What is needed — Return the lines of the material below exactly, beginning with the line that has "Topraklara hükmeden Kamçatka" in it and finishing with the line that has "DSC07930.jpg" in it. Leave all pictures aside.

===== Task inputs

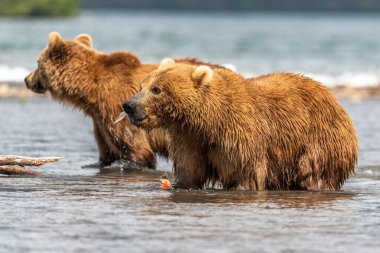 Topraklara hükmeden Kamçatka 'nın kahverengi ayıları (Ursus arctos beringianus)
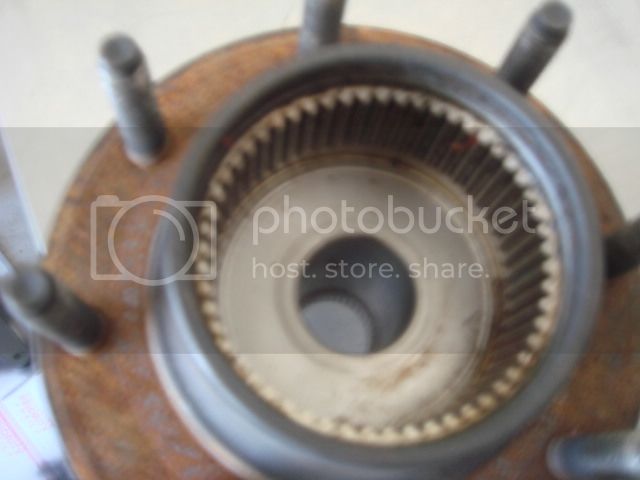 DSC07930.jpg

==========
===== Task inputs

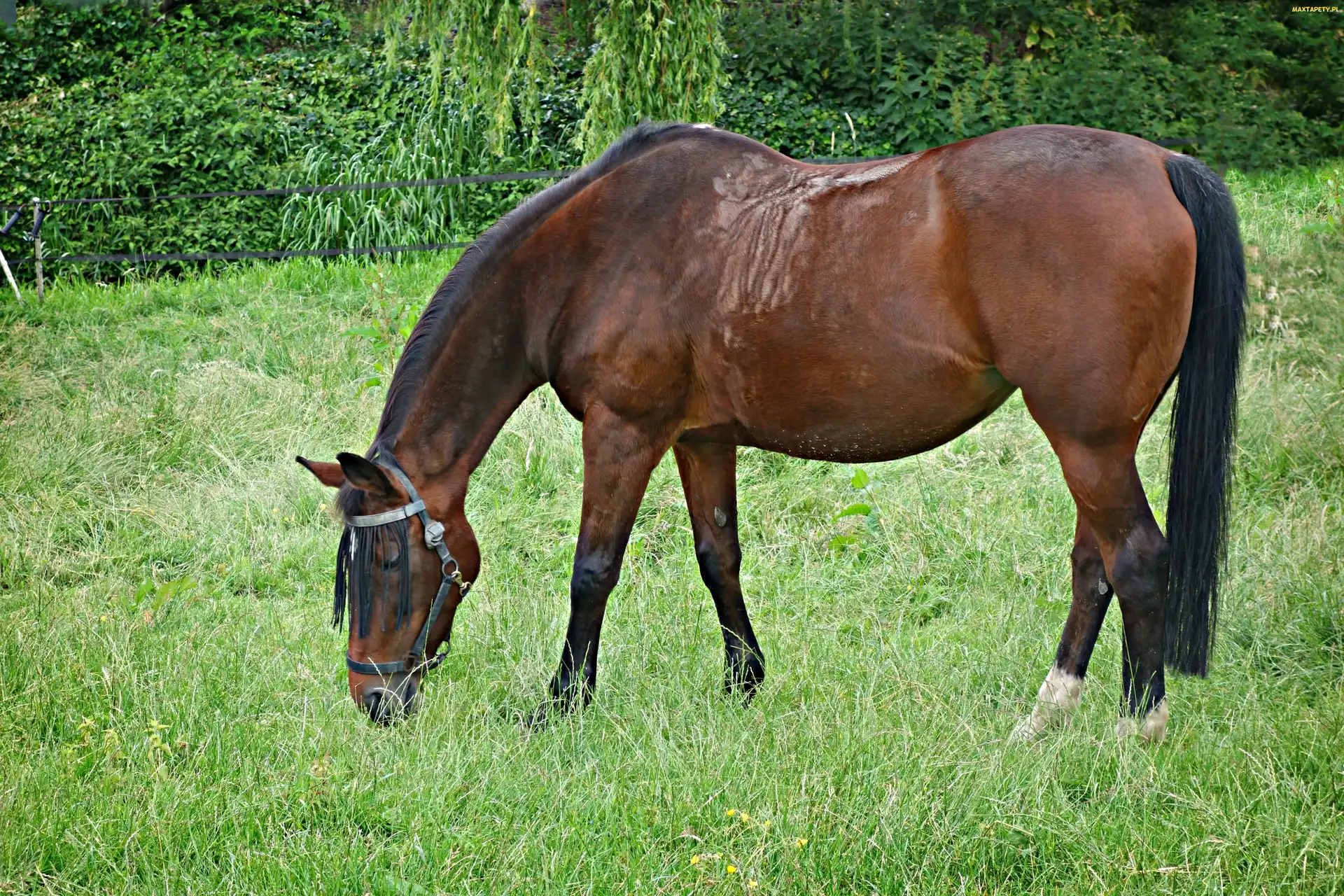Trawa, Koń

==========

Answer box —
 Topraklara hükmeden Kamçatka 'nın kahverengi ayıları (Ursus arctos beringianus)
 DSC07930.jpg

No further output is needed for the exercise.